Bengaluru: Rakesh Mishra, the director of Hyderabad’s Centre for Cellular and Molecular Biology (CCMB), is frustrated. CCMB has been sequencing SARS-CoV-2 viral genomes since the COVID-19 pandemic began – initially as part of its own research program and since December 2020 as part of the Indian SARS-CoV-2 Genomics Consortium (INSACOG), a group of ten labs the government put together to ramp up sequencing across to India.
To do its work, Mishra’s team needs specialised plastic containers and reagents that go into sequencing machines. But buying them has become needlessly complicated in the last year, taking time away from his lab’s core jobs, according to Mishra.
The source of his troubles is a finance ministry order in May 2020 that stopped government labs from importing goods worth less than Rs 200 crore. The order was meant to boost local manufacturing, in the spirit of ‘Make in India’, but had unintended consequences for India’s fledgling genome-sequencing efforts. Several reagents and plastics used by Indian labs come from foreign manufacturers, like the US-based Illumina Incorporation, and have no Indian substitutes.
The ministry’s sudden restrictions threw these labs out of gear. By September 2020, sequencing across the country had come to a near-complete halt, as labs ran out of reagents they needed. Then, in response to their complaints, the ministry exempted reagents from its restrictions in January 2021.
But plastics are now the new thorn in his side, Mishra said. These materials still haven’t been exempted from the ministry’s order, which means his lab can’t buy them in bulk unless it can conduct a market assessment to show that no Indian alternatives exist. Such an assessment is a needless bureaucratic distraction at a time when labs desperately need to sequence more viral genomes – and faster. “It’s like asking us to run a 100-metre dash with our hands tied,” Mishra said. “I can run, but I will run very slow.”
Ill-timed government orders are just one hurdle that INSACOG labs have had to cross to sequence genomes faster across India. To pull this off, these labs need several stars to align: COVID-19 testing labs must preserve positive samples from patients, state governments must transport these samples to the ten INSACOG labs every week, and the labs must be able to buy the equipment they need to sequence quickly.
None of this has been happening two months since INSACOG was launched. To begin with, the Rs 100 crore fund that INSACOG had requested from the Union science ministry hasn’t arrived yet. Without the money, most labs can’t buy the equipment they need, and are progressing slowly with their own funds.
“We are excited to be part of INSACOG, but the money needs to come, otherwise how can we ramp up?” Uma Ramakrishnan, a molecular ecologist at the National Centre for Biological Sciences (NCBS), Bengaluru, which is part of the consortium, asked. Others say that even if labs could sequence more, states aren’t yet sending them enough samples.
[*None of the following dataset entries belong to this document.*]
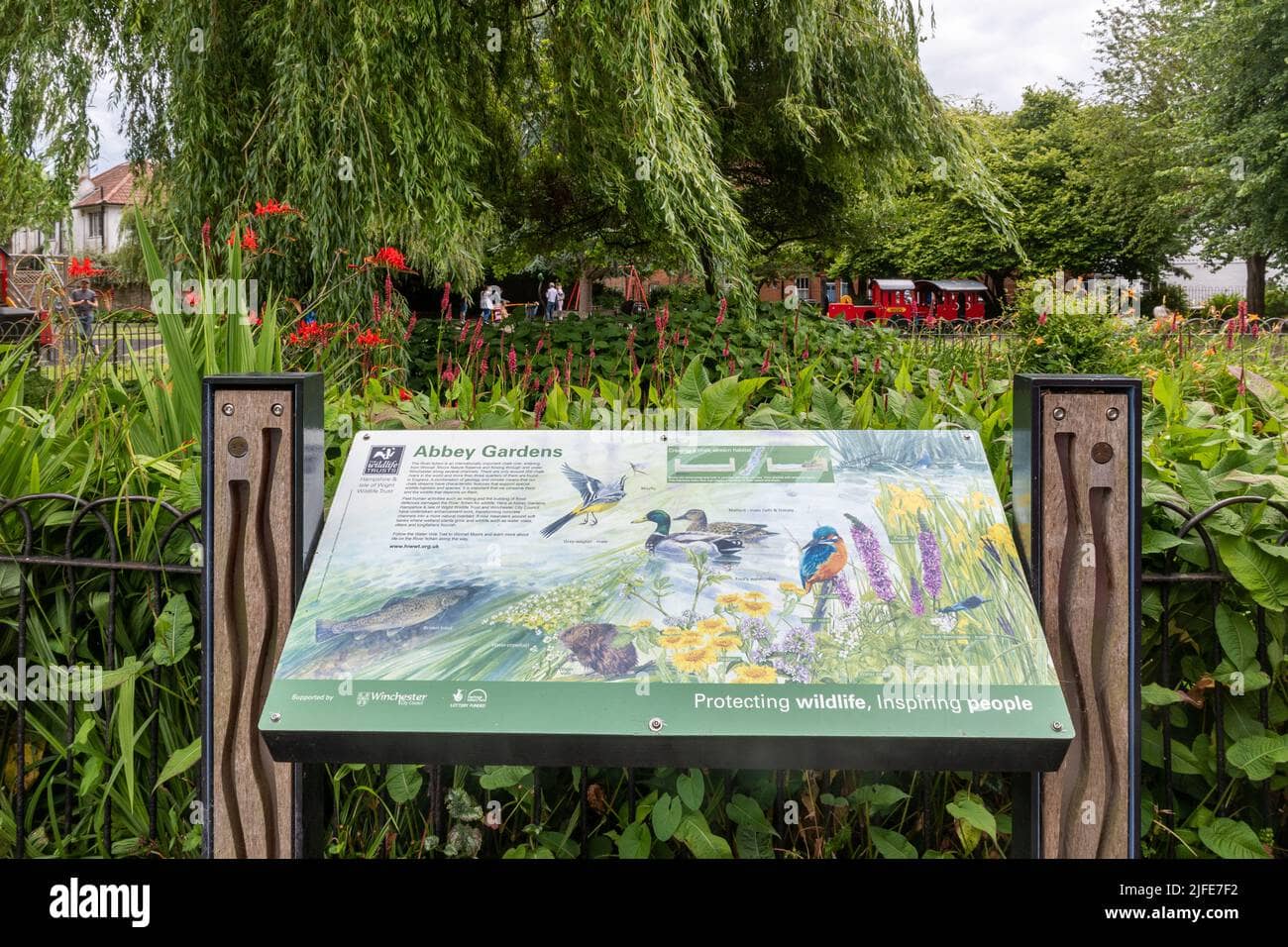 Tranquil Stream and Waterfowl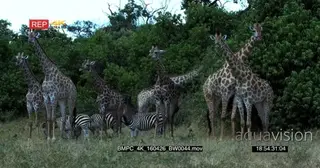 A Herd of Giraffes walking and feeding on tree leaves with a Dazzle of Zebras grazing in.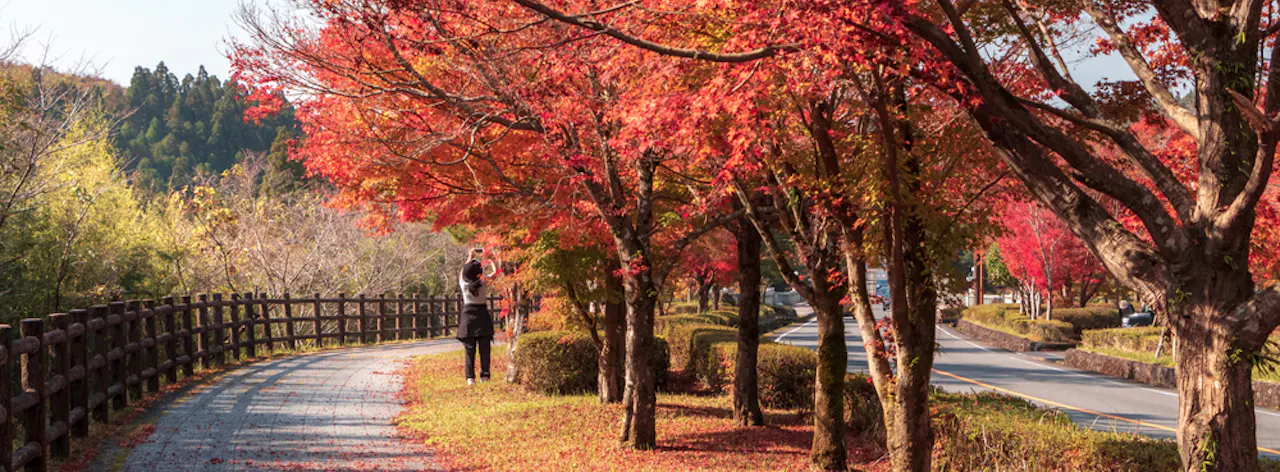 Autumn in Kirishima Japan Autumn in Kirishima Japan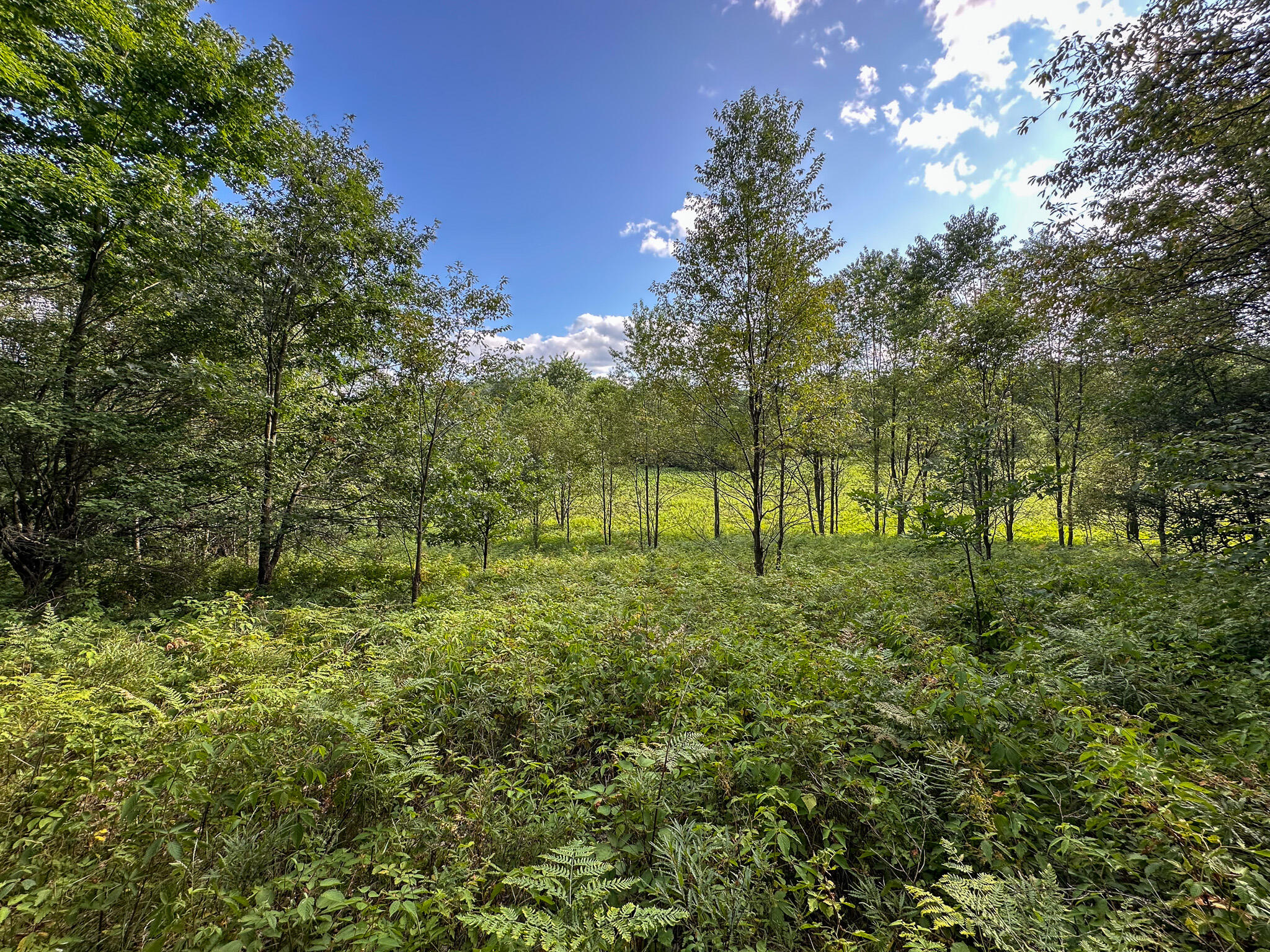 17219 7 Mile Road Reed City, MI 49677 - Photo 35 of 68 Fern 1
The reasons range from a lack of coordination between state governments and INSACOG labs to restricted availability of the right kind of RT-PCR samples needed for sequencing.
If INSACOG had followed its implementation strategy to the letter, it ought to have sequenced 5% of all positive cases in India since November 23, in addition to samples from international travellers. This adds up to at least 80,000 sequences by now. Instead, as on February 24, 2021, the consortium had completed only 3,500 sequences. And unfortunately, the labs with the most capacity, including CCMB and the Institute of Genomics and Integrative Biology (IGIB) in New Delhi, have remained heavily under-utilised.
While IGIB can sequence up to 10,000 samples a month, it has only received over a third of this number from Punjab, Haryana, Rajasthan, Kerala and Uttar Pradesh combined, said Anurag Agarwal, the institute’s director. Meanwhile, CCMB, which can sequence 5,000 samples a month, has received fewer than 200 samples from Telangana, Andhra Pradesh and Northern Karnataka, which are the areas in its purview.
Three ambitious goals
A view of CCMB Hyderabad. Photo: CSIR
For all the obstacles it faces, INSACOG’s work has never been more crucial.
Since the novel coronavirus pandemic began, several new variants of the virus have shown up worldwide. Among them are B.1.1.7, a highly contagious variant first reported from the UK, the B.1.351, a variant that first emerged in South Africa and is known to diminish the efficacy of some vaccines, and B.1.1.28, a variant from Brazil. Large outbreaks in Maharashtra and Kerala today have raised the question of whether genetic changes in the virus could be driving them.
To pick up such changes as they emerge in the viral population, and to stop them from spreading elsewhere, the government needs a coordinated and continuous surveillance program like INSACOG, said Vinod Scaria, a genomics researcher at IGIB.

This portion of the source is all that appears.